Kevin Pang, a Chicago Tribune features writer, approaches dining critiques from a different angle — one we journalists, and our readers,
are all too familiar with:
The fast-food industry.
WE STAND IN LINE WE DRIVE THROUGH WE SAMPLE THE LATEST IN
FAST-FOOD FARE
That’s the motto of his monthly column “Chain Reaction.”
“I just think that everybody eats fast food, so why not
write about it?” Pang told me on the phone.
Some of his past stories:
- A review of the Pizza Hut’s Sicilian Lasagna Pizza. Here’s
a sample of what he had to say about it:
“It suffers from identity crisis. Like a “woe is
me” high school freshman, this aspires to look and taste like something
it’s not. Just be yourself, pizza. We like you just the way you are.”
- A story about “kid foodies.” These are “kids who are eating
foie gras instead of chicken nuggets,” Pang said.
When one of the kids Pang interviewed was asked by a
waitress if he wanted ketchup, he replied: “I don’t eat ketchup. I eat olive
oil.”
The kid was 5 years old.
“He’s got a palette that puts mine to shame,” Pang said.
Pang said he tries to emulate the writing of Calvin
Trillin and Jeffrey Steingarten. They have a more personal approach to food writing, Pang said,
that uses all the senses.
“You’re following them throughout their adventures,” he
said. “You really live vicariously through them.”

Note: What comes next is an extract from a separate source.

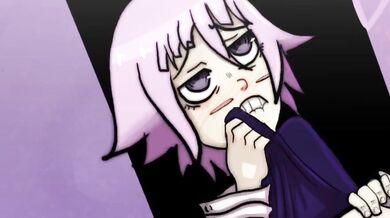 Soul Eater - Maka and Futa Crona - An Endless Loop of Tantric Sex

Here’s a peek at what he’s working on now:
Pang tells me he’s on a mission to find the spiciest food in Chicago. He’s also trying
to learn about the chemical compound in peppers that makes you sweat (a
chemical called “capsaicin.”).
“It’s not only talking to people with a bottle of Pepcid
AC,” he said. “I’m also talking to nutritional biochemists and scientists about
what happens when you’re eating spicy foods.”
So what’s your paper doing to follow the eating habits of
your community?
Pang’s been on this issue for about two years — and said it
hasn’t been easy being the “go-to guy for fast food.”
“It requires a lot of extra work on the elliptical machine
at night.”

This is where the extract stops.